Although it is only a slight change it has encouraged me to include spontaneity in my life while still staying true to who I am. Every time I feel myself wanting to stay in bed on a Friday night instead of going out, I find this mantra ringing in my mind. I am only in college once and I want to take advantage of every opportunity to listen to my favorite songs and dance like crazy people with my best friends. Even when I find myself wanting to use my workload as an excuse for why I can’t hang out and watch Hannah Montana or Sex and the City, I remind myself that I can never get these years back. The work will always get done, but you can never get back some of those casual moments with the people you love.
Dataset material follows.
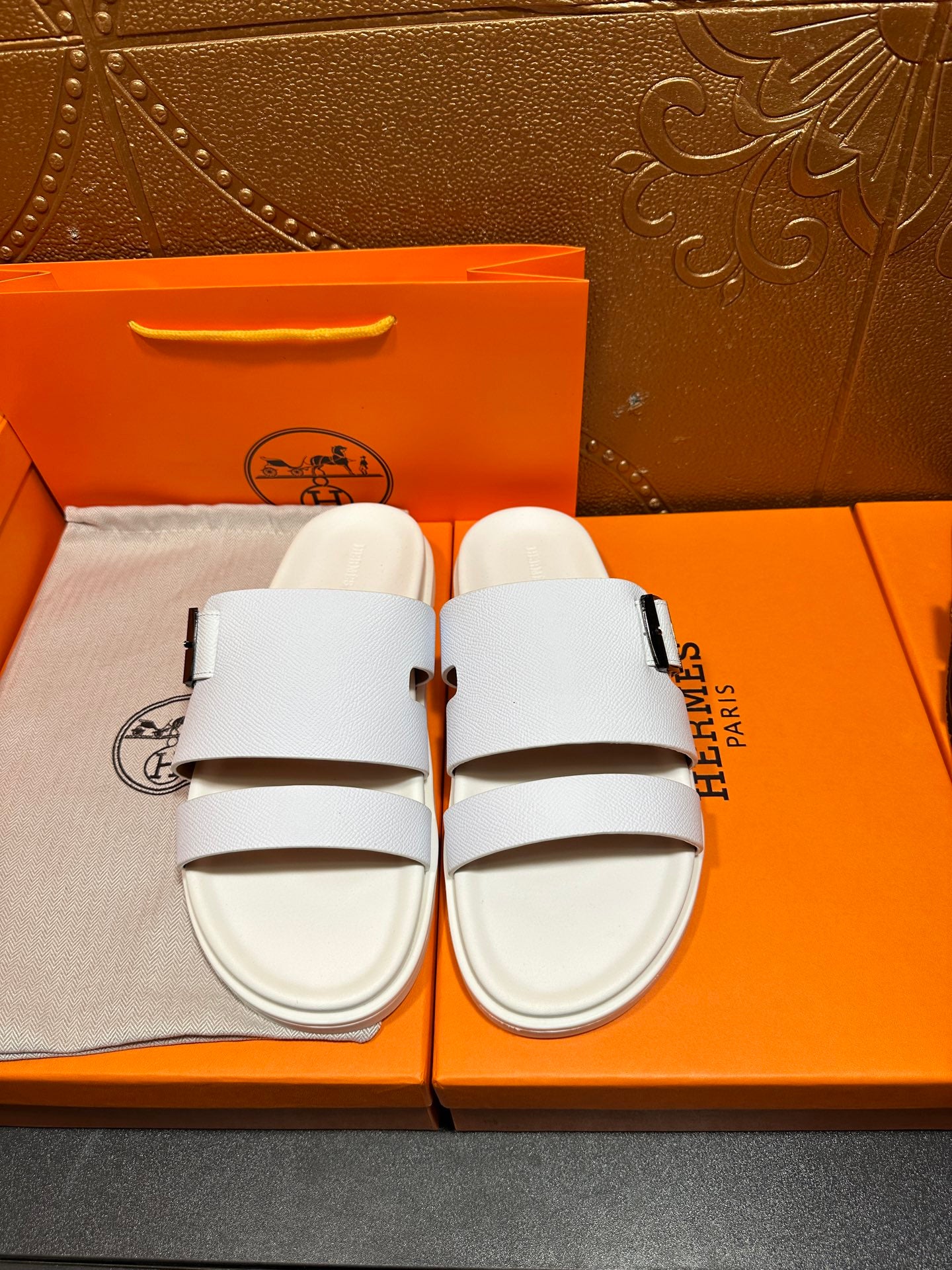 Hermes white leather sandals with two straps and silver buckle, front view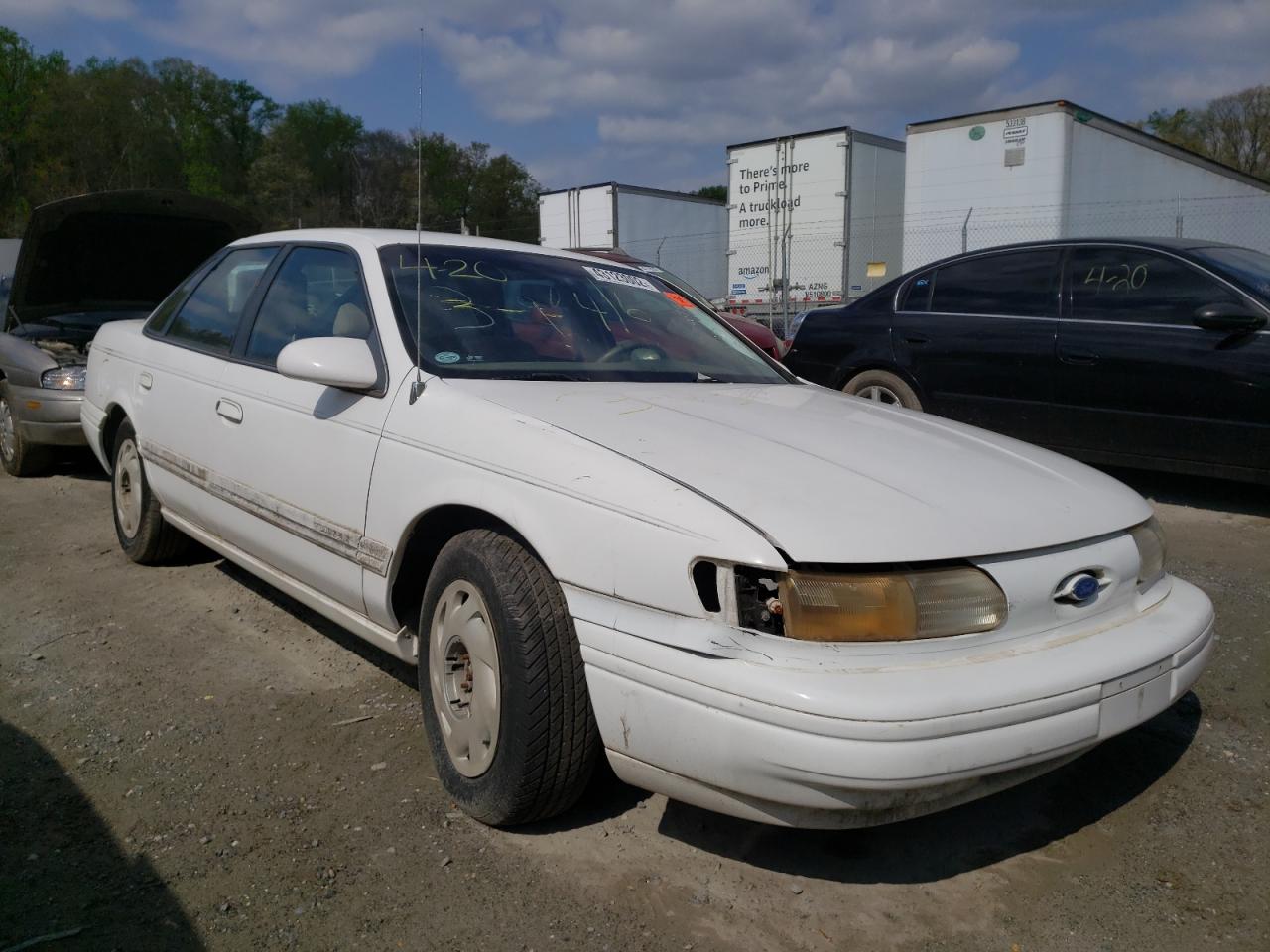 FORD TAURUS GL 1994 with VIN 1FALP52U7RG259973 - Photo from auction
These four years of my life, where all my friends live just around the corner, and we have nothing but time and energy, is the time of my life to live a little bit.
This YOCO mindset is one I have adopted on the verge of my mid-college crisis. Similar to the mid-life crisis, it is this time, two years into my college journey, that I have realized that half of my time in college has passed me by, and I feel just a tad on edge about the whole thing. While I wouldn’t consider a single second wasted thus far, there are many moments I wish I would have taken the opportunity to make more of. More people I could have reached out to grab lunch with, more afternoons I could have spent laying out in the sun, more time spent taking it all in. I’ve tried hard to internalize that every moment is precious and that I can never get this time back, but it is still hard not to regret the time I have already lost. Instead, I am choosing to use it as encouragement for all that I can do in the next two years.
As I roll into my third year of college and over the hump of my mid-college crisis, I continue to treat my time in this special place as rare and fleeting. To take every opportunity to do the things I love, make memories I will hold for a lifetime, and be with the people who make me the happiest. Not all of us are meant to be wild and spontaneous, but it is immensely easier to just be fun and appreciative. Remind yourself often how important it is to treat every part of your life as unique, full of joy and love, and as something you might only experience once.